Next up, wheels. I've always liked the 7 arm double spokes and when I spotted these on google images I had to have them. After some emails they agreed to ship to the uk. The wheels are OEM 9j x 19" ..custom sprayed then diamond cut. Initial cock up when shipping meant I only had 3 that were the correct offset so had to wait another 5 weeks to get the 4th one. Contrary to what I've read on this forum the 7 spokes are actually a little lighter than the rotors. 230grames. Not exactly a ton but lighter is better, right. 
After I'd placed the order I read that these wheels do not clear the front brakes So a spacer would be needed. Apparently a 3mm would be enough but hubcentric spacers usually start at 10mm and non hubcentric spacers are a virtual guarantee for wheel wobble.

H&R are the only company (to my knowledge) to start a hubcentric spacer at 8mm. You know you're buying quality with H&R plus they do a black line series so that's what I went with. Nice fit. No rubbing issues. No filing down the bumper tabs. H&R 36mm lug bolts too. In terms of flush stance. I would like more but with a 9j wheels and 255 section tyres I think that's close to the limit before issues so I'm leaving it there. There's a thread called nicks blog. Where this American guy mods his RS and trialed different combos of spacers and he stoped at 10mm front 8mm rear with 255 section tyres on OEM rotor wheels. He was getting some rubbing but this I'm sure was due to a lowered suspension. Lots of variables when it comes to spacers - what will fit- will it rub?

Stock suspension with mag ride. For me..Springs in good condition a slightly tapered tyre.8mm all round is safe and rub free. Next is custom discs but this will wait till the weather warms up as the upgraded rears I'm sure will take me all day/weekend. Before Xmas I decided to try redstuff pads to see how they compare to yellowstuff.

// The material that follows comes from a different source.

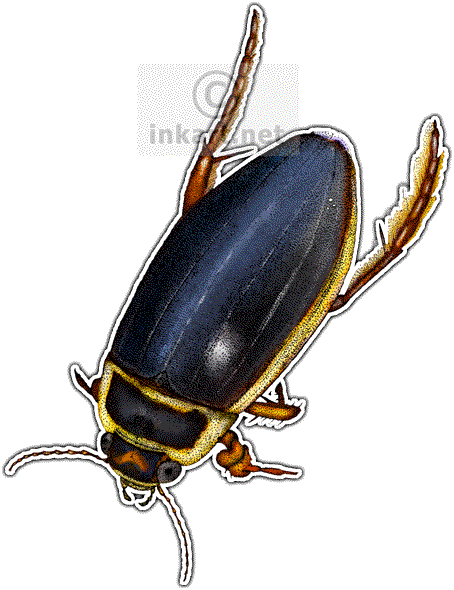 Great Diving Beetle - Cafepress Beetles Of The World Throw Pillow (454x590), Png Download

Pedal feel is firmer than the yellows which I like a lot. Dust is much less. Disappointingly after the 6th 70mph - 20mph stop the pedal went long where as the yellows just got better. I think il got with yellows again when I get the new discs even tho they a dust crazy.


----------



## MT-V6 (Jan 11, 2015)

Looking very nice  I didn't realise the facelift R8 had different mirrors, there can't be many TTs with those. I fitted a power folding/dimming mirror to my driver's side the other day, what a job! The soft bolt rounded so had to drill it out I refitted it with copper grease for next time as TTS housings are on my list

Sent from my SM-G950F using Tapatalk


----------



## qooqiiu (Oct 12, 2007)

Yes that bolt is a joke. Ring the TT shop. They were selling S mirrors on eBay the other week. Starting price was £200 and none sold but they haven't re listed them unlike the other stuff they were selling. They had about 5 pairs so I'm sure they'd be keen to accept an offer.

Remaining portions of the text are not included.